No Brasil, a pauta ganhou respaldo legal com a Lei da Reforma Psiquiátrica, sancionada em 2001, que priorizou o atendimento em liberdade e fortaleceu a Rede de Atenção Psicossocial (Raps) no Sistema Único de Saúde (SUS). A partir disso, os Caps passaram a ocupar papel central no atendimento a pessoas com transtornos mentais e usuários de álcool e outras drogas.

Apesar dos avanços, especialistas apontam que ainda existem desafios para consolidar o modelo de atenção psicossocial. Entre eles estão a falta de investimentos adequados em serviços substitutivos, dificuldades de acesso ao atendimento em algumas regiões e a permanência do estigma relacionado aos transtornos mentais.

No Rio Grande do Norte, a discussão também envolve a necessidade de fortalecimento da rede pública de saúde mental e da articulação entre os serviços. Em Natal, equipamentos como o Centro de Convivência e Cultura (CECCO), ligado à Secretaria Municipal de Saúde, desenvolvem atividades terapêuticas e culturais voltadas à promoção da saúde mental por meio da convivência comunitária.

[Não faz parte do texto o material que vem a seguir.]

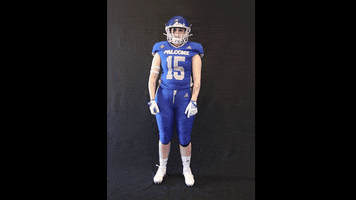 Dance Football GIF by utahfalconz
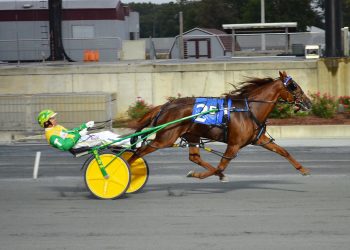 Unbeaten filly wins $100,000 DSBF Final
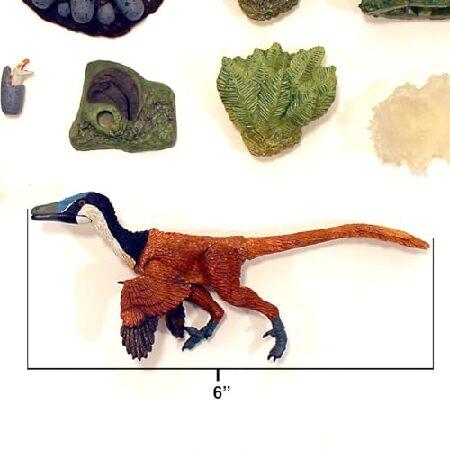 Beasts of the Mesozoic: Accessory Pack: Wetlands Environment with Buitreraptor G. - 1/6th Scale Dinosaur Action Figure Set， Collectible， Hand-Painted_1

As iniciativas incluem oficinas de teatro, música, pintura e artesanato, utilizadas como ferramentas de inclusão social e fortalecimento da autonomia dos usuários. A integração da arte ao tratamento é apontada por profissionais da área como uma estratégia importante para ampliar formas de expressão, estimular vínculos sociais e reduzir preconceitos relacionados ao sofrimento psíquico.

A psicóloga Luana Sobral avalia que a luta antimanicomial está diretamente ligada à defesa dos direitos humanos e à construção de uma sociedade menos excludente. Segundo ela, ainda persiste uma lógica social que associa pessoas com transtornos mentais à punição, ao isolamento e à institucionalização.

Outro desafio apontado no estado envolve a conexão entre comunidades terapêuticas e a Rede de Atenção Psicossocial. Relatórios do Conselho Federal de Psicologia já identificaram dificuldades de integração entre essas instituições e os Caps em municípios potiguares, o que pode comprometer o acompanhamento contínuo dos pacientes.

Fortalecer políticas públicas de saúde mental passa não apenas pela ampliação da rede de atendimento, mas também pela conscientização da população sobre o tema. O combate ao preconceito e a valorização do cuidado humanizado continuam sendo apontados como pilares centrais da luta antimanicomial no Brasil.

“Ainda existe muito desconhecimento sobre saúde mental. Muitas pessoas associam transtornos mentais à incapacidade ou à periculosidade, e isso dificulta tanto a inclusão social quanto a busca por tratamento”, finaliza a especialista.